Nunca he entendido el feminismo si no es mediante la sinergia entre hombres y mujeres. Desde la corrección de micromachismos cuando un camarero le pone el refresco a ella y la cerveza a él (sin haber preguntado qué era para cada cual) hasta la participación activa masculina en manifestaciones y asociaciones profeministas. No caben el absurdo miedo del hombre a ser menos hombre por implicarse en ello ni esas mujeres reacias a su integración por pensar que esta es una tarea exclusivamente femenina. Pero somos nosotros los llamados a conseguir que ese paso al frente sea uno de gigante. Y ni siquiera es necesario presidir un grupo que promueva la igualdad de derecho entre géneros; reversionando a Niel Armstrong: hablamos de un pequeño paso para el hombre, un gran paso para la mujer.

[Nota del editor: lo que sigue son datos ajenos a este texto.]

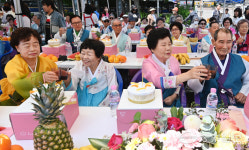 [중부포토] 홀몸어르신 합동 팔순잔치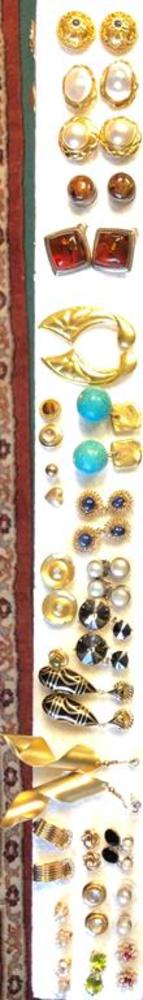 TIMED ONLINE AUCTION 2014 MERCEDES SEDAN - DESIGNER FURNISHINGS - ART Auction Photo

Podemos afear al amigo que comparte un vídeo porno vejatorio en un grupo de WhatsApp. Podemos convencer a esas personas retrógradas que aún entienden que la palabra feminismo significa supremacía de la mujer, y no igualdad entre ambos sexos. Podemos abandonar esa práctica de la bromita sexista en las reuniones de chicos, y sobre todo dejar de pensar que por hacerla o reírnos somos más hombres. Mejor aún: podemos regañar a quien las hace y ponerlo en vergüenza ante los demás con argumentos, para que no lo vuelva a hacer. Podemos hacer y decir tanto… Es más: podemos dejar de decir podemos y escribir debemos.
Debemos dejar de entender que machismo no es una violación, una agresión doméstica o un sueldo inferior para una compañera con el mismo rango laboral; el machismo es toda actitud diaria que acaba desembocando en esa bola de nieve, en esa punta de iceberg. Debemos entender que el feminismo no ha de ser reactivo, sino una actitud diaria. Debemos dejar de tener miedo a que un día le pueda pasar a nuestras hijas y sembrar desde pequeños en los niños una conciencia de respeto y trato justo a la mujer para prevenirlo. Debemos dejar de poner sexo y colores a los juguetes. Debemos dejar de cosificar a la mujer en el porno y en las fotos. Debemos dejar de considerar la masturbación o el sexo patrimonio de lo masculino. Debemos protestar porque en anuncios de televisión, portadas y marquesinas el número de hombres y mujeres en ropa interior o de baño sea paritario. Debemos dejar de ser cómplices y denunciar todos los casos en los que sospechemos que alguien cercano ha obrado con actitudes de acoso o exceso. Debemos señalar en público a quien traspase cualquier línea de respeto. Debemos buscar referentes o profesionales que nos enseñen a mejorar nuestro lenguaje inclusivo. Debemos abrir los ojos y darnos cuenta de que no merecemos derechos adquiridos heredados de sistemas políticos, religiosos o sociales dignos del Medievo, y sí luchar por abolirlos. Debemos combatir todo eso y más que no cabe en esta columna por falta de espacio, no de ganas de escribirlo y denunciarlo.
Y para todo ello solo hace falta una cosa: hombría (debemos exigir que la RAE incorpore la palabra mujería con la misma acepción). Que el hombre demuestre hambre de ayudar arrimando el hombro en la lucha de la hembra. Porque no es su lucha, es de todos. Y nos toca a nosotros implicarnos de lleno en ella.